[Items from a data source]

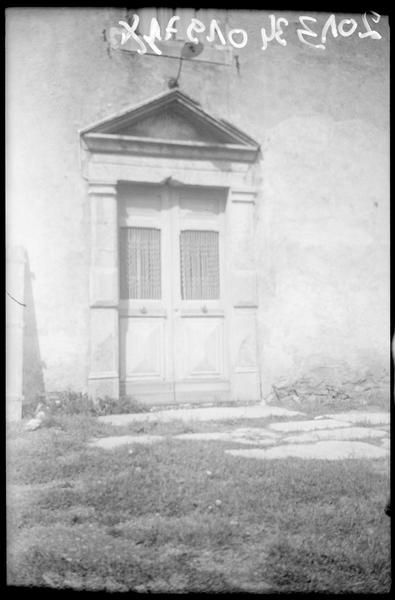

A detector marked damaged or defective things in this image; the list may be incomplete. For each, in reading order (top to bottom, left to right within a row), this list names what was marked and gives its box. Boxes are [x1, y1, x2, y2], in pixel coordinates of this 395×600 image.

peeling plaster patch [226, 442, 390, 462]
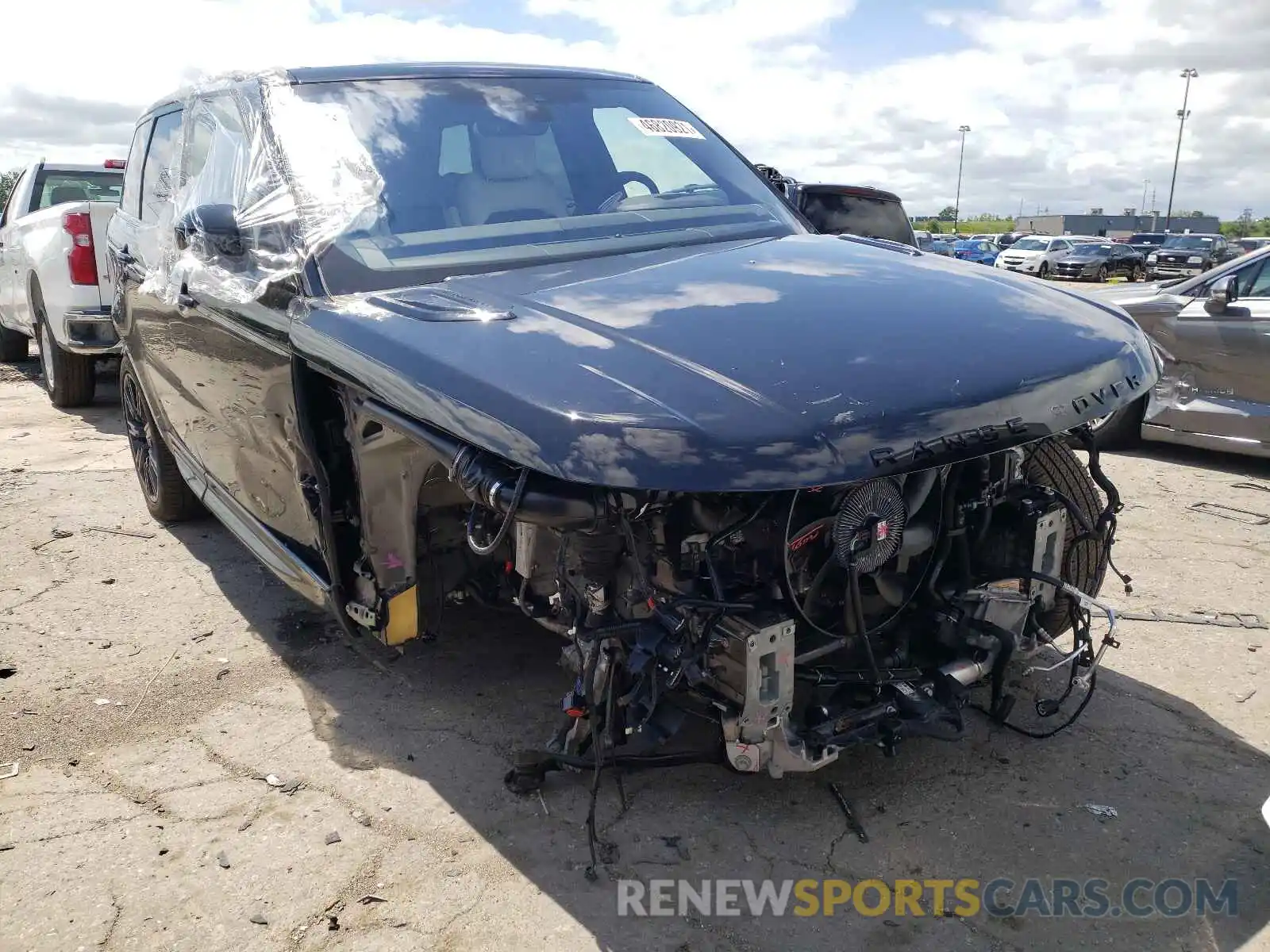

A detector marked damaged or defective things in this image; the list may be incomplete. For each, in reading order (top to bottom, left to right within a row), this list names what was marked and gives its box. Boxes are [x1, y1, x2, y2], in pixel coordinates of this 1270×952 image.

damaged range rover [110, 63, 1162, 797]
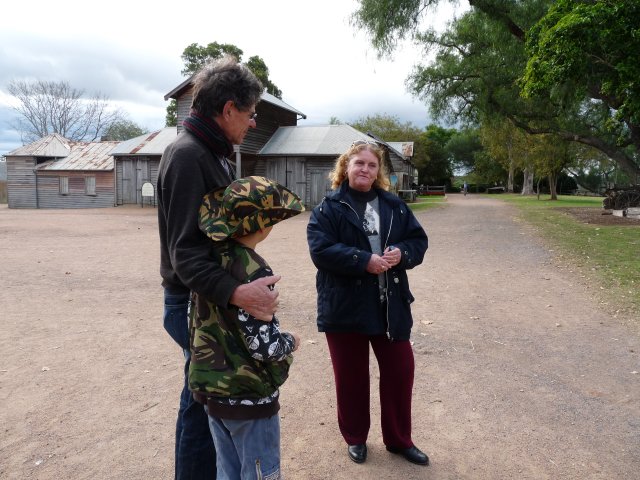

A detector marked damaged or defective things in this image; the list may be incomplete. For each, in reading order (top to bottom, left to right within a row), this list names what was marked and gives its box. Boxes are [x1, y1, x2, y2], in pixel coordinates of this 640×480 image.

rusty metal roof [36, 140, 117, 172]
rusty metal roof [109, 127, 176, 156]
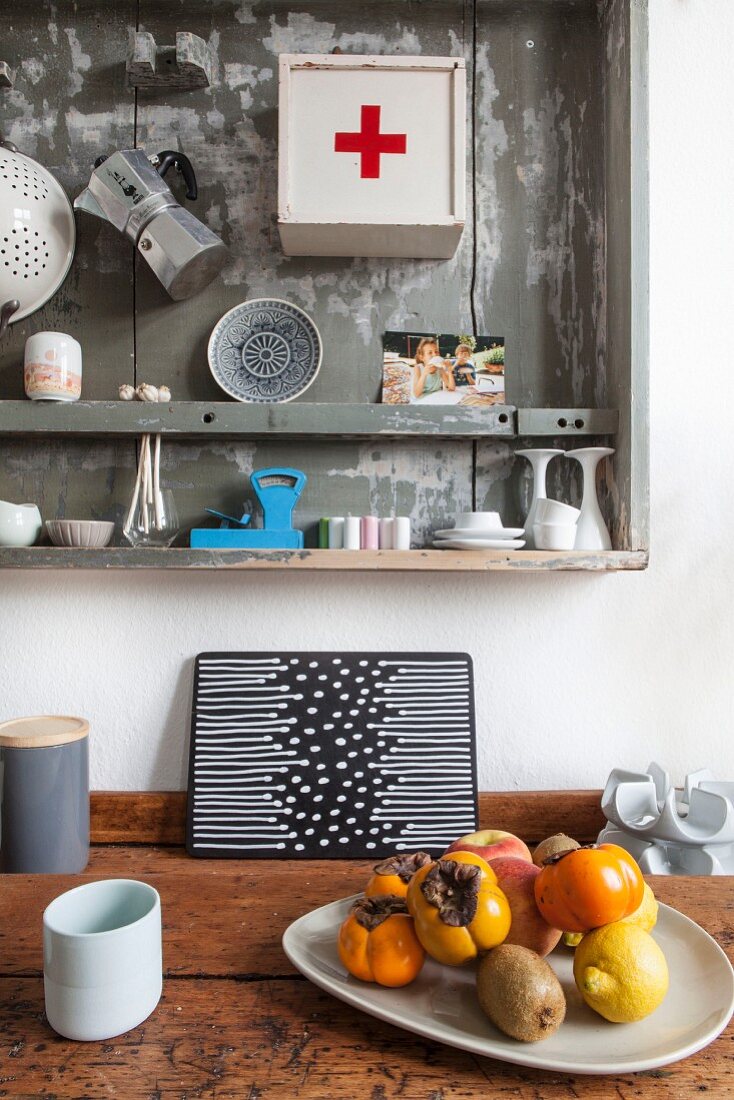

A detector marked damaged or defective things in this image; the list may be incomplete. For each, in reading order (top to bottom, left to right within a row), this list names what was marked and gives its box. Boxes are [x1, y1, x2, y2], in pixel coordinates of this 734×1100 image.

peeling plaster wall [2, 0, 732, 792]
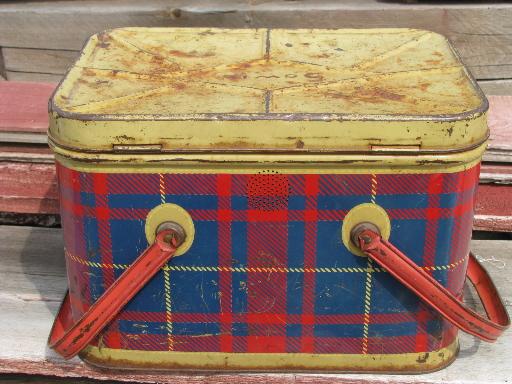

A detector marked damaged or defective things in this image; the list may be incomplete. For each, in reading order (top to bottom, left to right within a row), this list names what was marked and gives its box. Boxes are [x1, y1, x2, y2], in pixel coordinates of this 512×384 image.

corroded surface [54, 28, 486, 117]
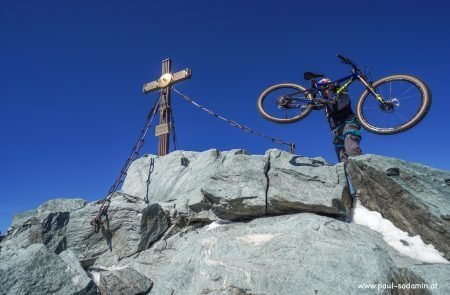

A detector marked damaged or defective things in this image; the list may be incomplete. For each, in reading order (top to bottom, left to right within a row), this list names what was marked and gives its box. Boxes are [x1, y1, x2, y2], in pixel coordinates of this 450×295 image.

rusty chain link [172, 87, 296, 154]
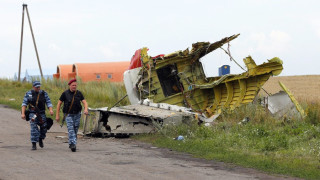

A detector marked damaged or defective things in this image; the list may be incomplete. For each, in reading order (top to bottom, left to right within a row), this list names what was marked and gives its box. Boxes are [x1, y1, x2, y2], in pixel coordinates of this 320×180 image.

burned wreckage [82, 33, 282, 135]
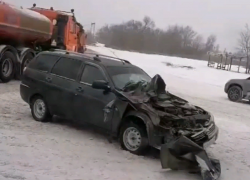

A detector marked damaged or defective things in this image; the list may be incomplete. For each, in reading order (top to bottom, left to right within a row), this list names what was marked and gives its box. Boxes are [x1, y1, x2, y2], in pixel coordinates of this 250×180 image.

severely damaged car [21, 52, 221, 180]
crushed front end [117, 74, 221, 179]
crumpled bumper [160, 136, 221, 180]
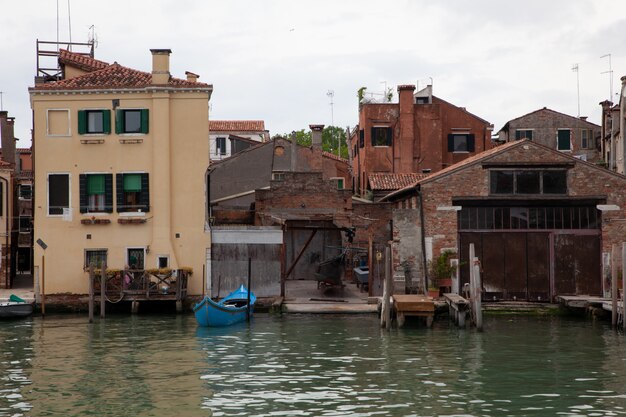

● Exercise aim: Your response should consist solely of the lines from the line with "this 250×180 image." through the last line of the entries above, printed exactly and without pictures.

● Expected answer:
A detector marked damaged or defective things in this image; the list may be incomplete. For each, in reading order (top to bottom, left to right within a row), this list names what was marked and gives its box. Boxes are [x1, y1, x2, y2], in pixel coordinates of this 250×180 image.

severely damaged car [21, 52, 221, 180]
crushed front end [117, 74, 221, 179]
crumpled bumper [160, 136, 221, 180]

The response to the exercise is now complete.